Desse modo, estará sendo lançada em 26 de outubro, das 14 às 17 horas, no plenário da Assembléia Legislativa do Estado de Sergipe, a Jornada Nacional em defesa da Vida e da Família.
Tal Jornada é uma iniciativa da Frente Parlamentar Evangélica, composta por 44 Deputados Federais e 2 Senadores da República Federativa do Brasil, e percorrerá as capitais do Brasil, insurgindo-se contra os Projetos de Lei que tramitam no Congresso Nacional e que vão de encontro aos valores basilares da Vida e da Família.
Os temas abordados nessa Jornada nacional são, exatamente, alguns dos principais frutos comportamentais da sociedade pós-moderna, quais sejam: a pornografia, o infanticídio, a pedofilia, a prostituição, o homossexualismo e o aborto. Os preletores do evento serão: - PORNOGRAFIA: Profº Cláudio Rufino - Líder da Campanha Nacional de Combate a Pornografia, escritor com mais de 10 obras publicadas na área, Pr. da Assembléia de Deus do Rio de Janeiro - INFANTICÍDIO: Professora e Lingüística Márcia Suzuki, presidenta do Movimento ATINI - Voz Pela Vida, palestrante internacional do tema, (já esteve inclusive na ONU falando sobre o assunto), é também missionária da JOCUM (
http://www.vozpelavida.blogspot.com/) - HOMOSSEXUALISMO - Júlio Severo - Pesquisador e escritor, autor do livro "O Movimento Homossexual" (Editora Betânia) e de diversos artigos em sites, jornais e revistas do mundo inteiro. (http://www.juliosevero.blogspot.com/) - PEDOFILIA - Dra. Rozangela Justino - psicóloga, pesquisadora e escritora com especialização em psicodrama e presidente da ABRACEH - Associação de Apoio ao Ser Humano e a Família (http://www.abraceh.org.br/) - ABORTO - Dr. Paulo Fernando - Advogado e escritor, líder da Associação Nacional Pró-Vida e Pró - Família no Brasil, movimento ligado à Igreja Católica(http://www.providafamilia.org.br/) - PROSTITUIÇÃO: Henrique Afonso - Deputado Federal, professor Universitário de filosofia e Pastor Presbiteriano no Estado do Acre.
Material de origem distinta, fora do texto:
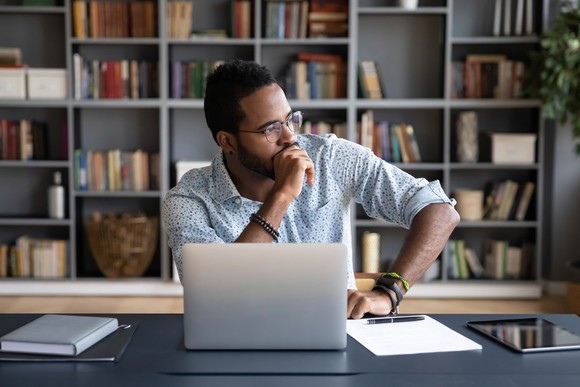 Person at a desk in deep thought, with a floor-to-ceiling bookcase in the background.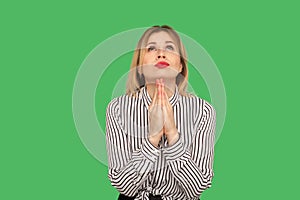 Beseeching woman with beautiful red lips and in blouse holding hands together while praying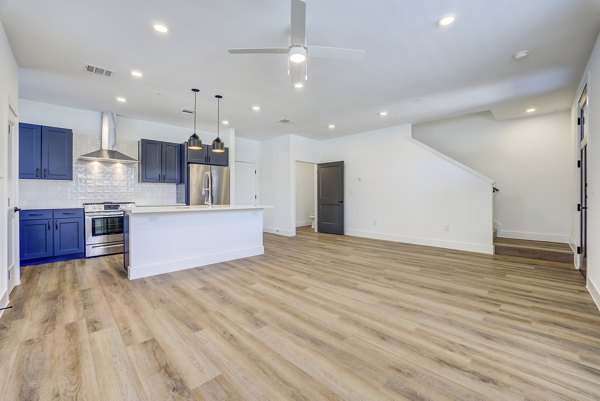 Modern kitchen with stainless steel appliances at Escalon Townhomes Apartments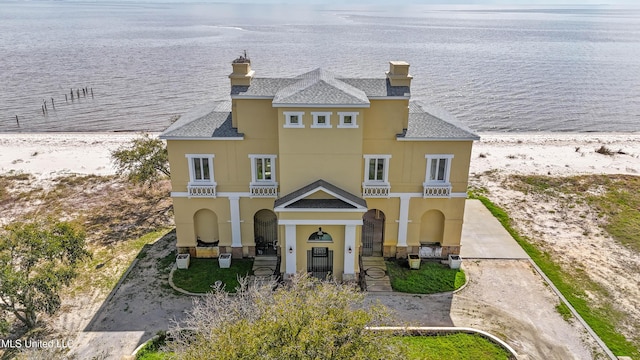 view of front facade featuring a shingled roof, a water view, and stucco siding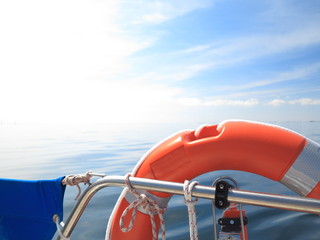 Rescue red lifebuoy on sail and blue sky sea
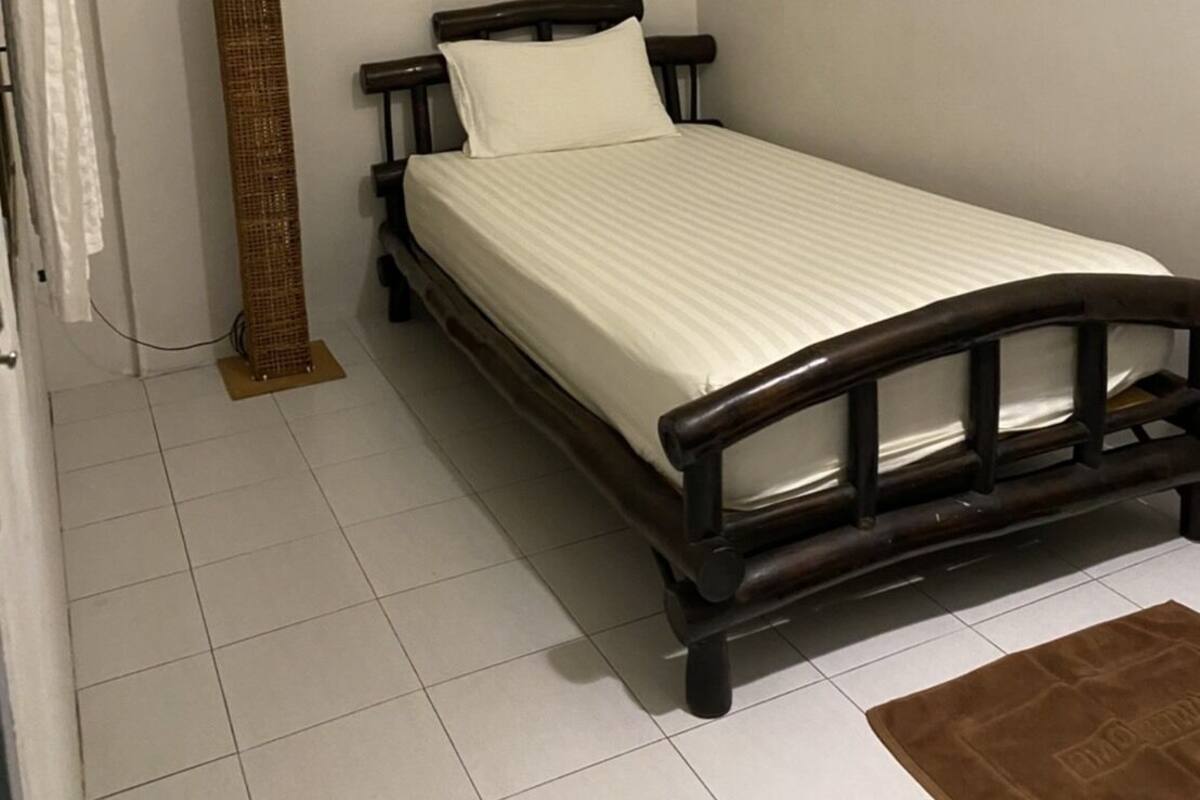 Ein Einzelbett mit Holzrahmen und weißer Bettwäsche in einem Zimmer mit weißen Wänden und Fliesenboden.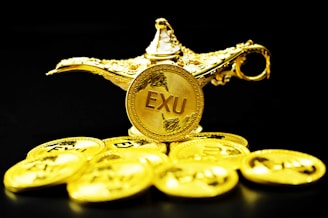 gold round coin with black background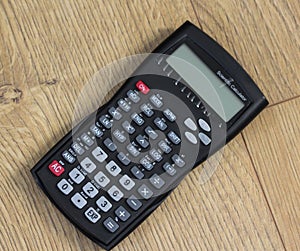 Standaard Scientific calculator on wooden background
A participação de Evangélicos e Católicos no debate de questões sérias como essas é de suma e vital importância para o futuro da nossa sociedade e nos demonstra que, felizmente, a letargia social em que estamos imersos ainda não atingiu a todos.
Tentando contribuir nesse sentido é que, da nossa parte, a partir da próxima semana, vamos tentar desconstruir os ideais e valores que fundamentam a chamada pós-modernidade, a era da cultura humana e social na qual estamos imersos.

(*) Publicado no Jornal Correio de Sergipe em 19 de outubro de 2007.